1. How many works do you have on AO3?
68! oh shit my next fic is my 69th i gotta finish that smut fic STAT
2. What's your total AO3 word count?
191,966. crazy
3. What fandoms do you write for?
most recently, stranger things, but i've also written a lot for julie and the phantoms and be more chill. and then various other oneshots for random stuff
4. What are your top 5 fics by kudos?
Befriend the Bully - Nerdy Prudes Must Die, 868 kudos (and 3rd most kudos'ed fic in the hatchetfield fandom???)
Saint Frost - Rise of the Guardians, 593 kudos
Me Too - Percy Jackson & the Olympians, 392 kudos
Hopefully - Be More Chill, 286 kudos
All This Feeling Second Best, It's Got Me by the Throat - Julie and the Phantoms, 249 kudos
most of those are pretty old so it makes sense that they've had the time to accumulate kudos, but that means they were also written when i was in high school so it's kind of like 😬
5. Do you respond to comments?
i used to more, now i don't really unless they said something that i specifically want to comment on. i just kind of forget or don't have anything to say lmao
6. What is the fic you wrote with the angstiest ending?

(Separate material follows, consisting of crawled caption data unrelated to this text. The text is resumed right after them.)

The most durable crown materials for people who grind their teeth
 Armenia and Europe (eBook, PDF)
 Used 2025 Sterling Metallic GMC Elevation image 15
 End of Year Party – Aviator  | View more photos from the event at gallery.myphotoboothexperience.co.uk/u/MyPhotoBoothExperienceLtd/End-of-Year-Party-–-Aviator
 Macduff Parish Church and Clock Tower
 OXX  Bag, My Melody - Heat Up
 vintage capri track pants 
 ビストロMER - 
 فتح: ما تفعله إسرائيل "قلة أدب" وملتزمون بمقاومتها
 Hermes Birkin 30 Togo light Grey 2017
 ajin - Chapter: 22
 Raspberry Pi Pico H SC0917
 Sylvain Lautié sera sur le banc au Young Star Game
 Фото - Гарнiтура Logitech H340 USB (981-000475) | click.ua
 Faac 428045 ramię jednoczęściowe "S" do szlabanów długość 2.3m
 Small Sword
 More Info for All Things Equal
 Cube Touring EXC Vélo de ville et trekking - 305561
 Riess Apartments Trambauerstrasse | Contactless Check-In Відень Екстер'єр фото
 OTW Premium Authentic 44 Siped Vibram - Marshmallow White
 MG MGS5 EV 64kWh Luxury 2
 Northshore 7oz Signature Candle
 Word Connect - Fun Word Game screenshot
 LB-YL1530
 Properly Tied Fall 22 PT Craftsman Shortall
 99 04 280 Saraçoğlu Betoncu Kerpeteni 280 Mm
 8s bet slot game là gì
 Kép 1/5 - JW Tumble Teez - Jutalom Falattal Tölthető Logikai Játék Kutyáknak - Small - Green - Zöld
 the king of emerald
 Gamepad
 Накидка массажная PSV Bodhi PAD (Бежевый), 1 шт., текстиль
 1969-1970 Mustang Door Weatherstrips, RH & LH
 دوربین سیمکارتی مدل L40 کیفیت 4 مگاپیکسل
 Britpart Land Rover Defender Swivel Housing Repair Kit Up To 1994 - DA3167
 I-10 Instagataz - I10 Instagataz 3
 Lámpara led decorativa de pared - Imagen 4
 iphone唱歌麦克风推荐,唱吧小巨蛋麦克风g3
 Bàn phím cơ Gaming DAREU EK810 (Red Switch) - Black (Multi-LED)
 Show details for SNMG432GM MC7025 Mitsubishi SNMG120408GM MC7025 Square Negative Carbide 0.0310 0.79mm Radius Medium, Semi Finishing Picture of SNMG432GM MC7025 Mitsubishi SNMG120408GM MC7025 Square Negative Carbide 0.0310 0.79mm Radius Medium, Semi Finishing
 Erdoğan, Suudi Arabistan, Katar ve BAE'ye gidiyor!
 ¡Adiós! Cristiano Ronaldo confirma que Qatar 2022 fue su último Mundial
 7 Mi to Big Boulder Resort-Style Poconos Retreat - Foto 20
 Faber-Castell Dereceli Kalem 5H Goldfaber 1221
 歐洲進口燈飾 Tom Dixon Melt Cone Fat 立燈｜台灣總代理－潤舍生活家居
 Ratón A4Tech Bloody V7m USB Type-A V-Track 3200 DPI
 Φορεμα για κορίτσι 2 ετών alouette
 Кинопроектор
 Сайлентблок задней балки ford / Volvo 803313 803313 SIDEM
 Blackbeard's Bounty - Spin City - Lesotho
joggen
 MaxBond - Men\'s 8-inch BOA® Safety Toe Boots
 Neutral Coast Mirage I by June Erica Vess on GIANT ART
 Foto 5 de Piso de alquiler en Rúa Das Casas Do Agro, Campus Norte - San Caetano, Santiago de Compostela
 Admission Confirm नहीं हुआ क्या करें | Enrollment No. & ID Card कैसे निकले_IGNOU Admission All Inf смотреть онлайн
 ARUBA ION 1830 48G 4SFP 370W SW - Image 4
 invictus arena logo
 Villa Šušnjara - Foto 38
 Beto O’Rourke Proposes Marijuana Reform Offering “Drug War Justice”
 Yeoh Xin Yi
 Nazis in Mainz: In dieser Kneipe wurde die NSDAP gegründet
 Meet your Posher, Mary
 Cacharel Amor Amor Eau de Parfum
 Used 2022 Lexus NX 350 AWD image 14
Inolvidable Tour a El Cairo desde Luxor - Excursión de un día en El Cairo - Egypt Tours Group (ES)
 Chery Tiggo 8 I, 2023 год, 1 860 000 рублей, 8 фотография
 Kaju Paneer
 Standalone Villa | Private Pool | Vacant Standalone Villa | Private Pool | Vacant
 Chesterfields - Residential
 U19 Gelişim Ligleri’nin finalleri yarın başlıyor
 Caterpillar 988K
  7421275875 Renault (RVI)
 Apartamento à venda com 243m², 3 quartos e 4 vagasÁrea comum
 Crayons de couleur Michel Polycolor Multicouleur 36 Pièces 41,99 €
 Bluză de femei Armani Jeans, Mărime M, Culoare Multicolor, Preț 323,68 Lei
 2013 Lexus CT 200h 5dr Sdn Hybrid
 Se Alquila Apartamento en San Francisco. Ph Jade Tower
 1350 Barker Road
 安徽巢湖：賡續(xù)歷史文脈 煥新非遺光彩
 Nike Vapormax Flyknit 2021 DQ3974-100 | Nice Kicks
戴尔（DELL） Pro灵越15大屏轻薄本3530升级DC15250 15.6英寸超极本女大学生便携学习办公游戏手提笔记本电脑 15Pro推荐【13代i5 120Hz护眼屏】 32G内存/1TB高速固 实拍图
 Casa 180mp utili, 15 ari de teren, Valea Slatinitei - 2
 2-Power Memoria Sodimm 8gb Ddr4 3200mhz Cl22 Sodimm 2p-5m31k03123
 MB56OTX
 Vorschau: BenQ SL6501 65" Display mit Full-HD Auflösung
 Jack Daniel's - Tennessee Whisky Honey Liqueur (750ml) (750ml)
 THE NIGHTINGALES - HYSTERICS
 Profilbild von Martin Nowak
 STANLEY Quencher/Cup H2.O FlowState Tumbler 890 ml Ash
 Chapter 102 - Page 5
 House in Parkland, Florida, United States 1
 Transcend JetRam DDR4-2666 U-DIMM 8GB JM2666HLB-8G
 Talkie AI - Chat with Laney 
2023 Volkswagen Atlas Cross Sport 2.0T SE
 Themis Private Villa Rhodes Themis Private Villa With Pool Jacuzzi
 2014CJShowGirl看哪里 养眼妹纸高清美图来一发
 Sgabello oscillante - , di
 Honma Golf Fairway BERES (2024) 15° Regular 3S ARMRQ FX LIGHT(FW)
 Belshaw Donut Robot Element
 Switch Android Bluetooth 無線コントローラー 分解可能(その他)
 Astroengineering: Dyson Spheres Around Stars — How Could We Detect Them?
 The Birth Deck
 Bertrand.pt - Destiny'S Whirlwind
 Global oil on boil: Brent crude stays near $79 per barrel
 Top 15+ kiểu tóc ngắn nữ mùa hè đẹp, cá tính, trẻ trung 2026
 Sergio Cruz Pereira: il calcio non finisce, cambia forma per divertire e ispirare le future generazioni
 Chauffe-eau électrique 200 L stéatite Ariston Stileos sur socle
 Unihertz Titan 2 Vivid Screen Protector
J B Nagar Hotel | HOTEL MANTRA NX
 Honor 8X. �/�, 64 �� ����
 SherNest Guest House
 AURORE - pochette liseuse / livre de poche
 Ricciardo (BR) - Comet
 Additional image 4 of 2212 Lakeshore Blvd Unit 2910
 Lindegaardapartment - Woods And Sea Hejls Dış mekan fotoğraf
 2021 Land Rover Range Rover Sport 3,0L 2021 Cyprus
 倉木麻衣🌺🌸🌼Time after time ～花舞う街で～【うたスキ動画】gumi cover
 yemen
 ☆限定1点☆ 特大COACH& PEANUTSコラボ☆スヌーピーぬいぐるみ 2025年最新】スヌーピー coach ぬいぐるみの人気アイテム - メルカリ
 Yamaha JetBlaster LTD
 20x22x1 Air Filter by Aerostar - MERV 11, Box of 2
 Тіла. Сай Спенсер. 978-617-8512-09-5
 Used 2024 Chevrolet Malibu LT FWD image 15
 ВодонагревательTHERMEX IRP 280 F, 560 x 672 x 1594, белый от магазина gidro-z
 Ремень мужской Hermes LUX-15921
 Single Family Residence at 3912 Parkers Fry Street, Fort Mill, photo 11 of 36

probably my troped round 1 fic, you look like you've just seen a monster (is that what i look like to you?). usually i like to have a happy ending but i wrote this in like two days the week of my first breakup. so uh yeah couldn't really think of happy ending for that one.
7. What's the fic you wrote with the happiest ending?
pretty much anything else lmao. i love to write fluff and cuddles and shit like that so just go read any other of my fics
8. Do you get hate on fics?
the only hate on fics i can remember ever getting was back in my bmc days when i wrote meremine and someone was mad bc michael is gay and didn't like that i put him in a throuple with a woman. but like other than that clown behavior no not really lmao
9. Do you write smut? If so, what kind?
i have one (1) smut fic published and it is on a different account because i was so scared of jatp fandom being mean lmao. luckily i only got nice comments on it so i will share that you can go read it here. i mean it was probably kind of obvious that it was me because there are only so many ppl into that rarepair? but idk jatp mutuals lmk who you thought it was lsdfksjf
i have been trying to write steddie smut recently, i have a wip that i'm working on that i will hopefully finish soon. if anyone would like to beta that lmk lol 👀 it is pretty kinky i will say lol but like. that's steddie for ya
10. Do you write crossovers?
not really. i'm more likely to just make an au of something for whichever fandom i'm currently obsessed with
11. Have you ever had a fic stolen?
not to my knowledge
12. Have you ever had a fic translated?
i don't think so? ppl would be welcome to do so tho
13. Have you ever co-written a fic before?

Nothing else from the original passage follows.